After he wakes up, he meets his saviors. There are seven of them, all male and more-than-tangentially humanoid, but even Enjolras, who has never seen a being of magic descent in his life, can recognize the obvious. Combeferre, Bahorel, and Bousset refer to themselves as stonefolk, what most people know as dwarves, although they’re all taller than Enjolras. Jehan’s announcement that he’s the hamadryad of the forest is less than shocking, with the green sheen to his skin where the sun touches it and the wreath of oak in his long hair. Courfeyrac is a windwalker, he says, a spirit of the air, and when he laughs his form blurs just a bit around the edges, as if he’s about to blow away. Joly and Feuilly are both water spirits, although of wildly different type—Joly, with his easy smile and cheery manner, is creeks and streams, small and glad and clear, while clever, steady Feuilly is deep water, calm on the surface and unstoppable beneath.
Enjolras, the wished-for runaway prince of a country under the thumb of a sorceress, feels very small indeed, in front of these people of wind and rock and trees. That has never stopped him before, though.
He spends a week recovering from the damage he did in his flight, and discovers that he has desperately missed having friends. Combeferre and Courfeyrac, already close, fall in with him like long-missing limbs, Combeferre’s steady presence at one shoulder and Courfeyrac’s bright smile at the other.
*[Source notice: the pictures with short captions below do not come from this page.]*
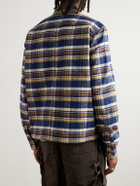 DRKSHDW by Rick Owens - Checked Cotton-Flannel Overshirt - Blue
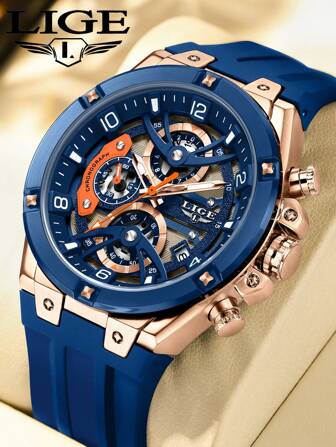  LIGE New Boy's Business Watch Waterproof Classic Quartz Watch Sports Watch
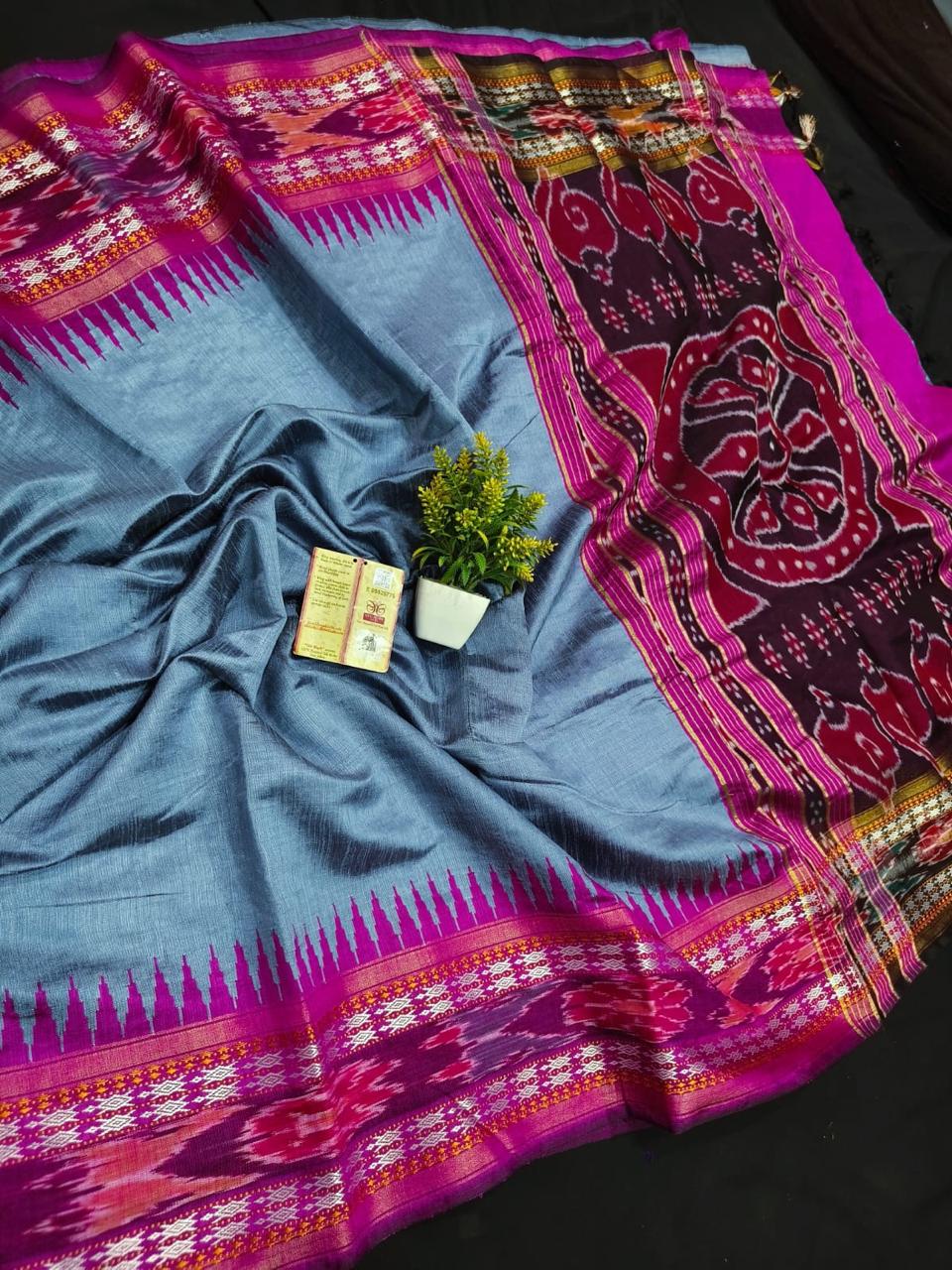 Designer Ikkat Silk Saree | Authentic Pochampally Pattu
On the fourth day, he tells them everything, the whole messy tale of his country, and all seven of them listen solemnly, attentive.
It’s not a surprise that it’s Courfeyrac who smiles and offers a solution.
“Actually, I may know someone who can help.”
“Courf knows everyone,” Jehan confides, weaving out-of-season mistletoe into his copper-chestnut-umber braid. “He gets bored and goes and makes friends with people on the other side of the world, but he always comes back eventually.”
Courfeyrac makes an offended noise and says, “He said he wanted to seek help in the East, I’m not planning to smuggle him across an ocean, Jehan.”
“You have contacts in the Eastern court?” Enjolras asks, seizing on the scrap of hope.
“Contacts,” Courfeyrac repeated with a snicker. “I can take you to the prince.”
Enjolras tries really hard not to let his jaw drop. He does not succeed.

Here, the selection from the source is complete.